Does your Business need Cyber Insurance? Amanda Stevenson, Account Executive, Gallagher Insurance
Is your business likely to be threatened by cyber risk? Absolutely. If you’ve got an internet connection you’re at risk of an attack or incident that could potentially close you down or inflict financial damage. Small businesses aren’t exempt: over a third of global cyber-attacks target companies with less than 250 employees. Every business needs cyber protection. That's where cyber liability insurance comes in. Cyber liability insurance protects your enterprise from the financial impact of losing or compromising your own or other people’s information. This can take the form of personal or business data stored in your records.
If your business is hit by a cyber-breach the people or companies whose data has been compromised could sue you, and if you fail to notify the Office of the Australian Information Commissioner (OAIC) you could face penalties.
Are you Putting Yourself at Risk?
Loss of data can occur as a result of a targeted cyber-attack or human error factors such as losing paperwork, a memory stick or a device, failing to have adequate security on a device that’s used for both personal and business purposes or if your network provider’s system is compromised. Worryingly many Australian businesses are unprepared for dealing with a cyber-incident and this is especially true for small to medium sized enterprises (SMEs). Almost half the SME respondents in a recent survey by insurance company Chubb were unaware of their obligations under the Notifiable Data Breaches Scheme, only 40% thought that their revenue or sales would suffer and only 27% had cyber insurance.
Impacts that affect your business internally can also be expensive, especially if an attack closes your systems down. You would suffer loss of income, you would probably need to hire an expert to save or retrieve your important data and you might need to engage damage control services to help limit loss of customers and reputation.
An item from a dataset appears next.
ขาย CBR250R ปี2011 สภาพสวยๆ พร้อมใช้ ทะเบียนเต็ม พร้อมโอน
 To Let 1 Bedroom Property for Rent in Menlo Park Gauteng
Interruption to normal operations represents a loss to any business because you have to maintain your running costs, and small businesses are particularly vulnerable because they typically have less resources to call on and may in fact be servicing loans. Externally if the people or companies whose information has been compromised bring legal actions for damages or negligence against you you’ll have to pay the legal costs of answering the claim and any damages imposed, which could be crippling.
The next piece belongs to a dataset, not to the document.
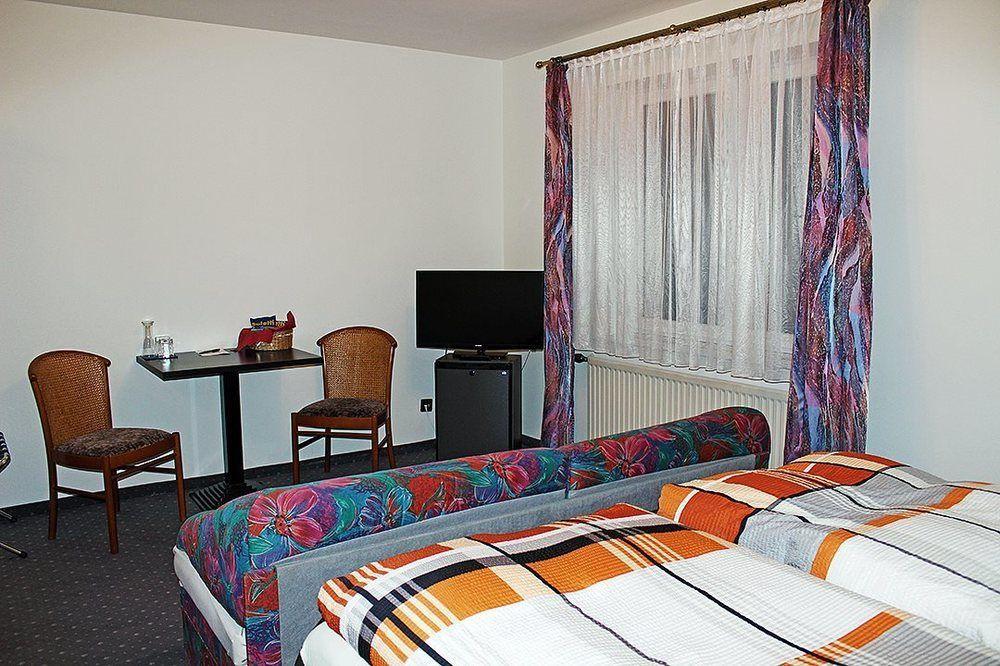 Pension Erlaa Vienna Exterior photo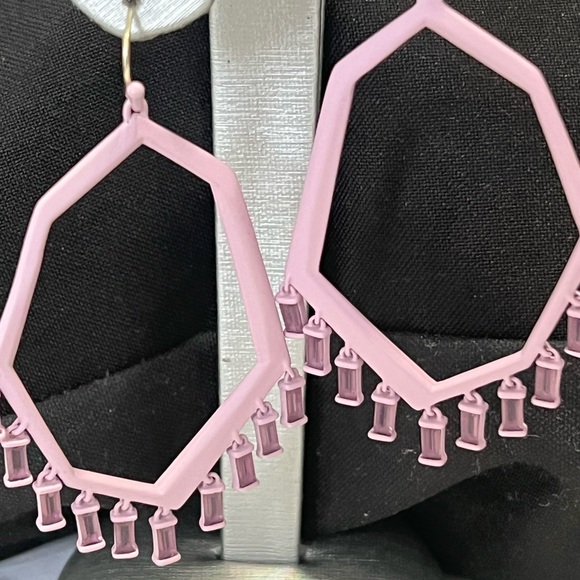 NWT Kendra Scott RARE & Retired Thomas Earrings Lilac Perfectly FABULOUS! - Picture 9 of 10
How do I transfer my cyber risk?
Most cyber insurance policies cover the costs of impacts to both your own business and external parties. Cyber insurance may be available as part of a business pack and exclude some risks or liabilities under its terms. A dedicated standalone cyber insurance policy is likely to be more comprehensive, offer higher caps on payouts and include provisions specific to containing and remediating a breach, and the costs involved.